WORK REQUIRED: In the listing below, find the line containing "Vaucresson (92420) –" and the line containing "WD.NY Flowy Asymmetrical", then copy exactly everything from the first through the second, except the pictures.

DATA RECORDS:

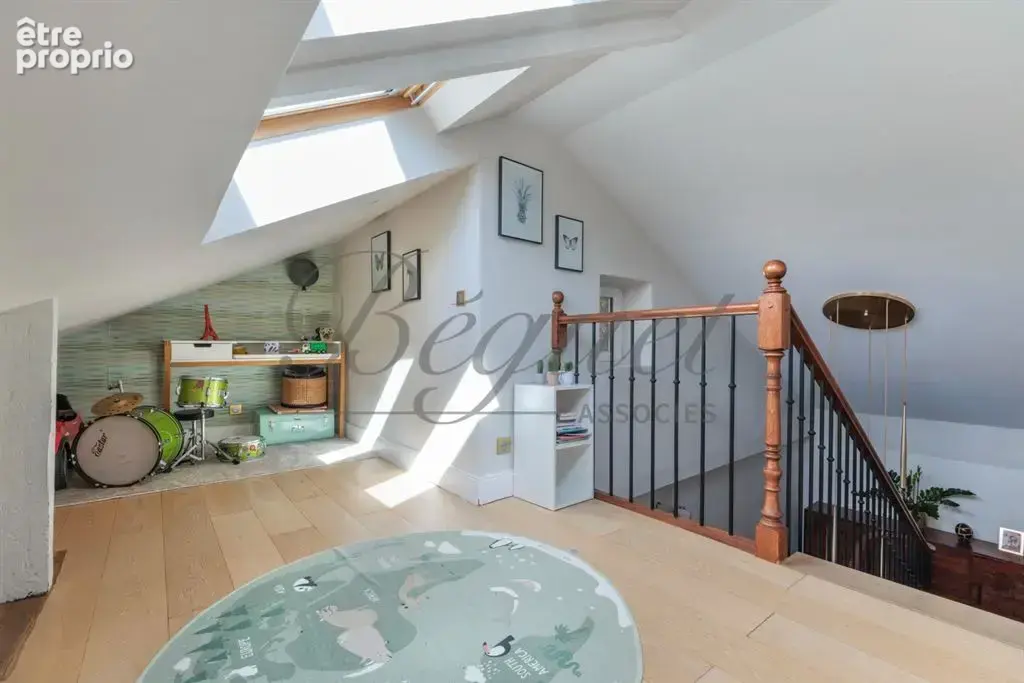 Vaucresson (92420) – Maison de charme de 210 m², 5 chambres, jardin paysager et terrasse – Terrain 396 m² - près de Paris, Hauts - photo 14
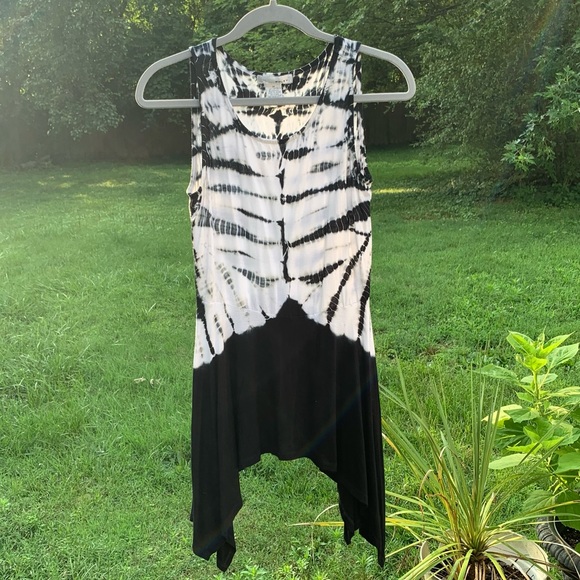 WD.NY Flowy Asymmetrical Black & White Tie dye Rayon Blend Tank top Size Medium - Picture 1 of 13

* * *

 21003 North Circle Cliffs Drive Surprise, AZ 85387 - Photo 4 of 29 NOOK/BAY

EXERCISE RESULT:
 Vaucresson (92420) – Maison de charme de 210 m², 5 chambres, jardin paysager et terrasse – Terrain 396 m² - près de Paris, Hauts - photo 14
 WD.NY Flowy Asymmetrical Black & White Tie dye Rayon Blend Tank top Size Medium - Picture 1 of 13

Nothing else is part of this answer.